Edible flowers of strawberry spinach are quite small. They resemble raspberries more than strawberries.But,  there’s no mistaking that bright strawberry-red hue! The berries arise at the base of each stem, and a plant in full fruit is a glorious sight!

Flowers set small red fruits in late summer and fall that taste a bit like mulberries and are lovely fresh or canned. The fruits are juicy and tasty when mature.So,do not be too anxious to pick. Leave until they become dark crimson red, then pick. So sweet and delicious.

And, the fruits  also contain small, black, lens-shaped seeds that are 0.7-1.2 mm long.

Flowering in summer, strawberry spinach is easy to grow. It enjoys full sun and should be watered as needed. And, it is a very ornamental plant.

Strawberry Spinach is a tall plant with berries at every level of the plant; berries here, berries there, and berries everywhere.

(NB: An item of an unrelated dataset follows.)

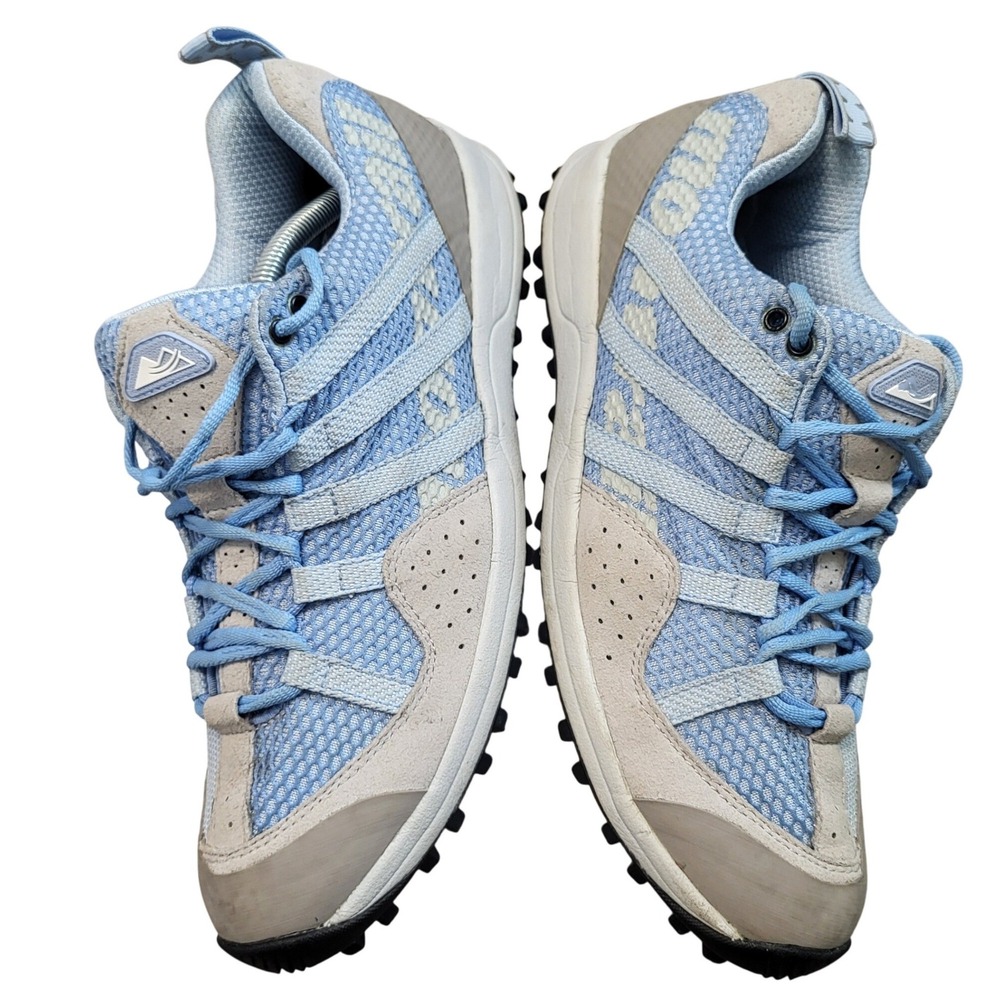 Montrail Columbia Highlander Womens 10 Blue Grey Trail Running Shoes Hiking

Each plant produces more berries that we imagined and, as an extra bonus, the plant is very pretty.

You’ll definitely want it  in the front and center of the herb garden!  And,it will easily grow in a container as well.

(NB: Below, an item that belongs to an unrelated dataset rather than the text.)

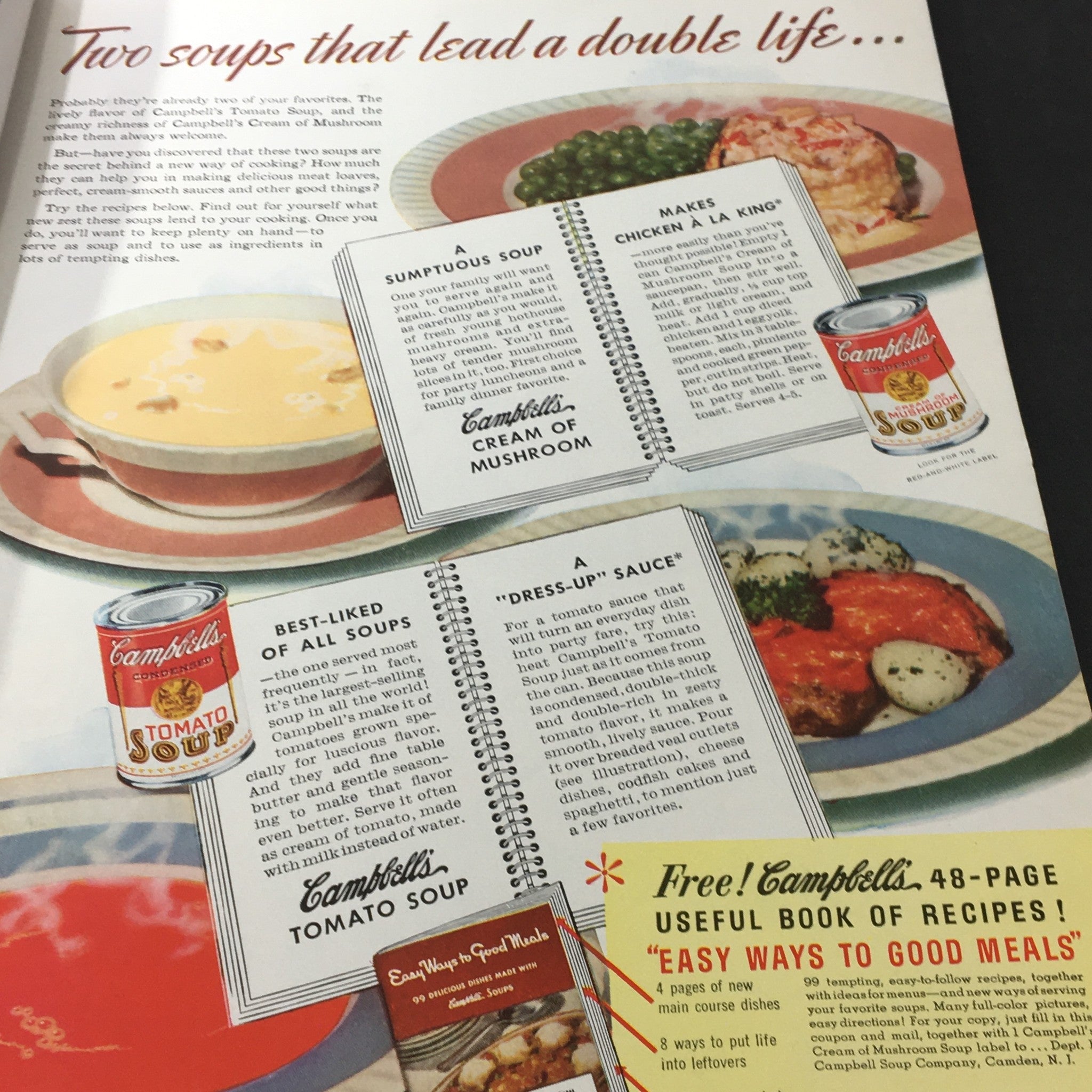 VTG Better Homes & Gardens May 1941 Extra Sparkle For Your Summer Meals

The triangular, toothed leaves  of strawberry spinach are thinner than spinach, very nutritious, and high in vitamins C and A. Tender shoots are used raw in salads or cooked like spinach.

One of the interesting plants we grow, or should I say, grows itself, strawberry spinach, is also called strawberry blite, beet berry, Indian paint, and a number of other names.

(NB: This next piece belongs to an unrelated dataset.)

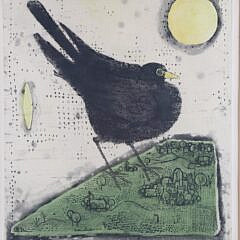 Bo Lars Limited Edition Print “Blackbird”, circa 1959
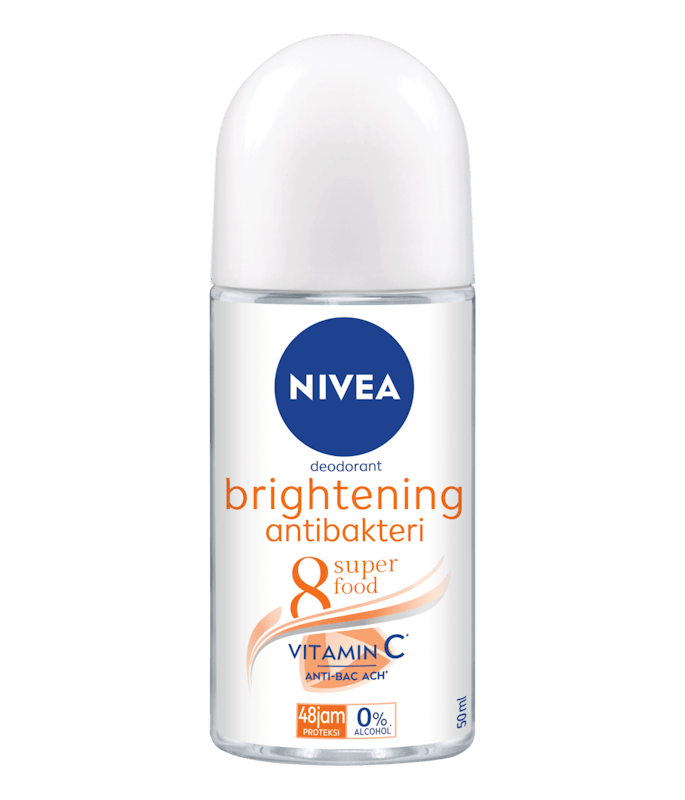 Nivea Brightening Antibakteri 8 Superfood Deodorant Roll On 1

Our strawberry spinach (Chenopodium capitatum) grows two-three feet in both height and width. The serrated triangular leaves are a great substitute for spinach when young but become somewhat tough as they mature.

The mature plants develop brilliant red thimble sized berries that when really ripe taste, to me, just like Malt-O-Meal cereal… kind of sweet and nutty.

This plant can also be used to create pink and red dye by simmering the berries in water until the desired color is achieved, though I have never tried this.

Grow Strawberry Spinach in full sun (direct-sowing the seeds works best) and rich, fertile soil. It reaches about 18 inches high and 12 inches wide, and needs no staking or supports.

Easy and trouble-free, it’s an exciting new addition to the herb garden, vegetable patch, or even the flowering annual bed.

The plant is very cold hardy but will thrive in the hottest weather. With a long taproot it can get by on very little water. But remember, the more water it gets the larger the fruit.

I have no doubt that strawberry spinach has many healthy attributes. As a dark, leafy green, strawberry spinach possesses several important phytochemicals, including lutein.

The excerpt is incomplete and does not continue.